What is expected — Leaving out all pictures, return exactly the lines from the one that contains "мультфильм whatsapp sticker" through the end of the data below.

Provided data —
◇ ◇ ◇ ◇ ◇ ◇ ◇

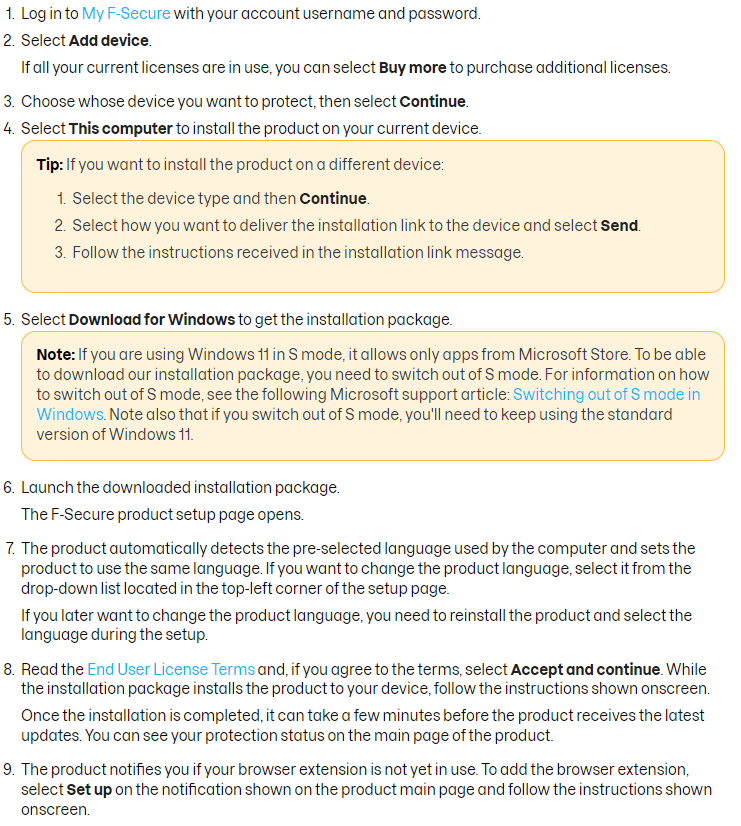 F-Secure Review and Pricing: F-Secure Installation process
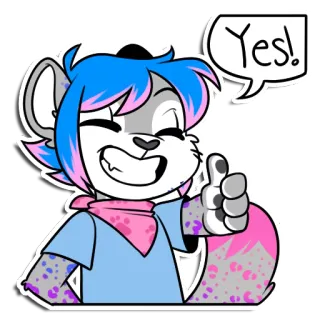 👍 4101412d Yes! большой палец вверх, да, позитивный, одобрение, пушистый, мультфильм whatsapp sticker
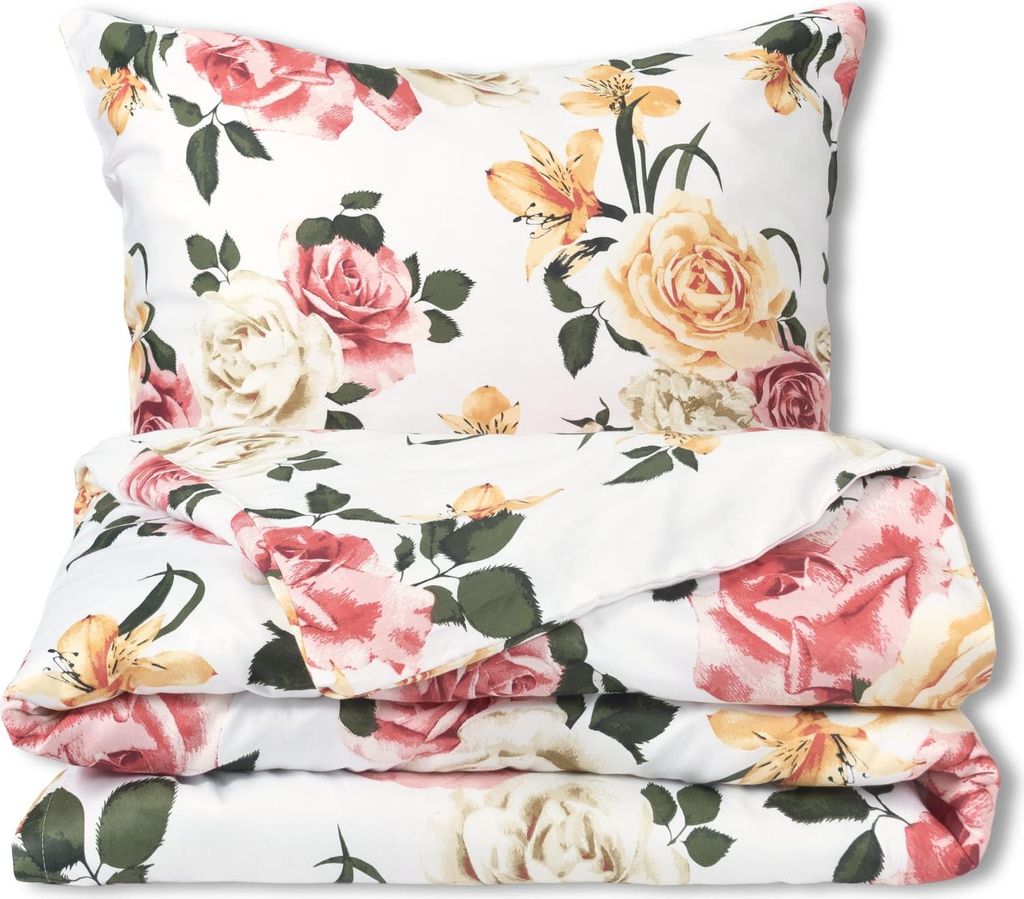 Satin Bettwäsche 160x200 EXKLUSIV Bunte Blumen Frühling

◇ ◇ ◇ ◇ ◇ ◇ ◇

Written reply —
 👍 4101412d Yes! большой палец вверх, да, позитивный, одобрение, пушистый, мультфильм whatsapp sticker
 Satin Bettwäsche 160x200 EXKLUSIV Bunte Blumen Frühling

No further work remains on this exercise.